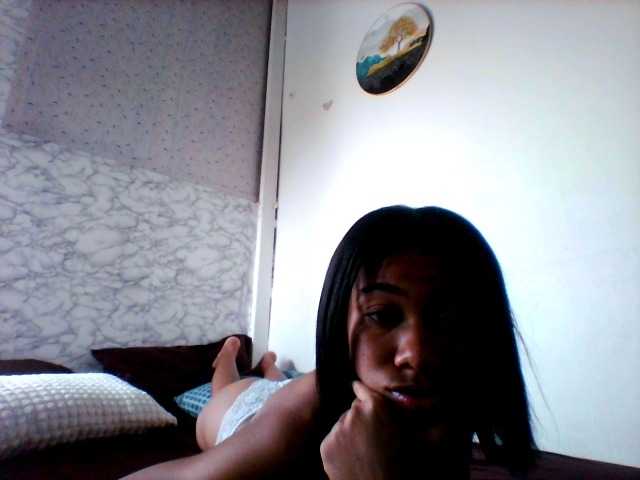 Kalumbaicle live cam on BongaCams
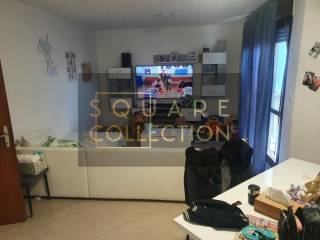 Flat in a building, Sale, Split, Split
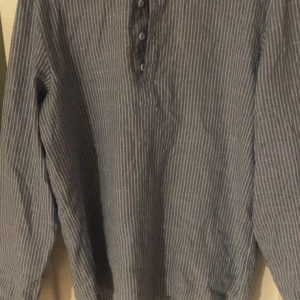 Linne skjorta  - Ljusblå linne skjorta med vita ränder. Passar s-m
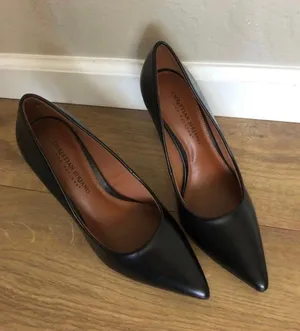 Pumps Heels Size 7.5 thumbnail 1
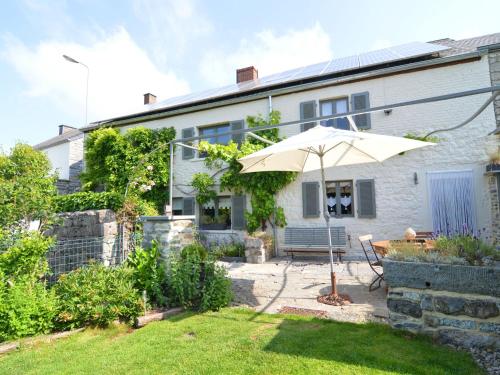 Фотография гостевого дома Cozy Cottage in Gimnee on a Farm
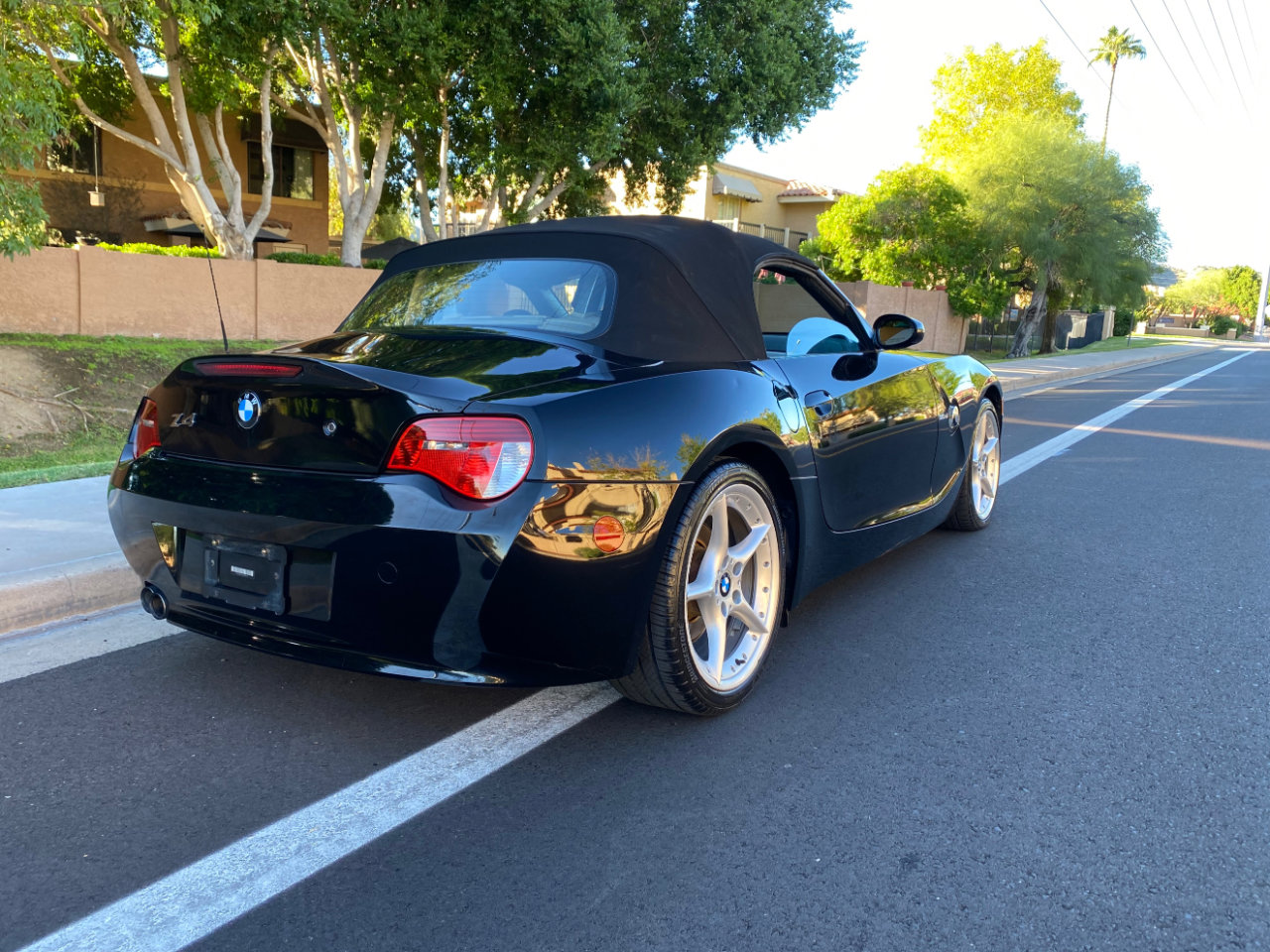 Used 2006 BMW Z4 3.0si image 5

◆ Task item: The pictures stay out; repeat exactly the lines from the one with "ränder. Passar s-m" to the end of the entries above, and nothing else.

◆ Result below:
 Linne skjorta  - Ljusblå linne skjorta med vita ränder. Passar s-m
 Pumps Heels Size 7.5 thumbnail 1
 Фотография гостевого дома Cozy Cottage in Gimnee on a Farm
 Used 2006 BMW Z4 3.0si image 5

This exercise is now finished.